A spring with spring constant 23 N/m is compressed a distance of 8.0 cm by a ball with a mass of 219.5 g (see figure below). The ball is then released and rolls without slipping along a horizontal surface, leaving the spring at point A. The process is repeated, using a block instead, with a mass identical to that of the ball. The block compresses the spring by 8.0 cm and is also released, leaving the spring at point A. Assume the ball rolls, but ignore other effects of friction. (Assume that the ball is a solid ball.)

 

(a) What is the speed of the ball at point B?

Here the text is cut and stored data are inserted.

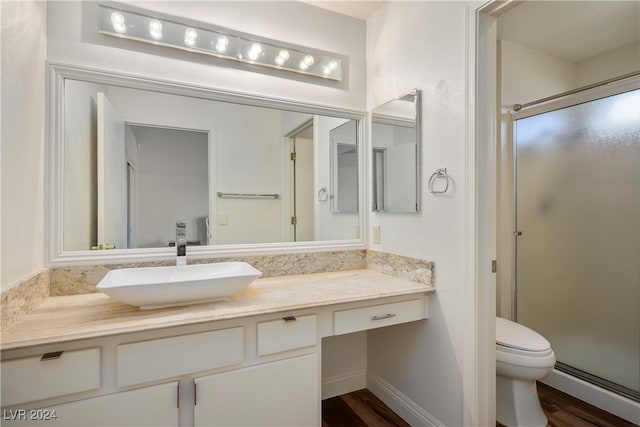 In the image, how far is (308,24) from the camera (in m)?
1.92

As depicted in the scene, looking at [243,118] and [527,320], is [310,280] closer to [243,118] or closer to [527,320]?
[243,118]

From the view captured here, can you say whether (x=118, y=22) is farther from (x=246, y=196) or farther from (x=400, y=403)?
(x=400, y=403)

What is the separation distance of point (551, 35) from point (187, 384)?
296 cm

(b) What is the speed of the block at point B?

Transcribed Image Text:

The image depicts a physics scenario consisting of a track with a curved section and a straight section. There is a ball placed on the straight section, in contact with a spring positioned against a vertical wall. The setup includes two marked points labeled "A" and "B" on the track. **Description:** - On the right side, there's a vertical wall with a spring attached to it. The spring is compressed by the ball. - The ball is positioned between points "A" and "B" on a horizontal track. - Point "A" is closer to the spring, while point "B" is located at the start of the curved section. **Explanation:** This figure can be used to study concepts such as: - **Energy Conservation:** The system demonstrates potential energy stored in the compressed spring and the conversion to kinetic energy as the ball moves. - **Newton’s Laws of Motion:** Analyze the forces acting on the ball when released from the spring. - **Simple Harmonic Motion:** If relevant, investigate the motion of the ball as affected by the spring. This setup is a common physics problem exploring the dynamics of energy transformation and motion on a frictionless surface.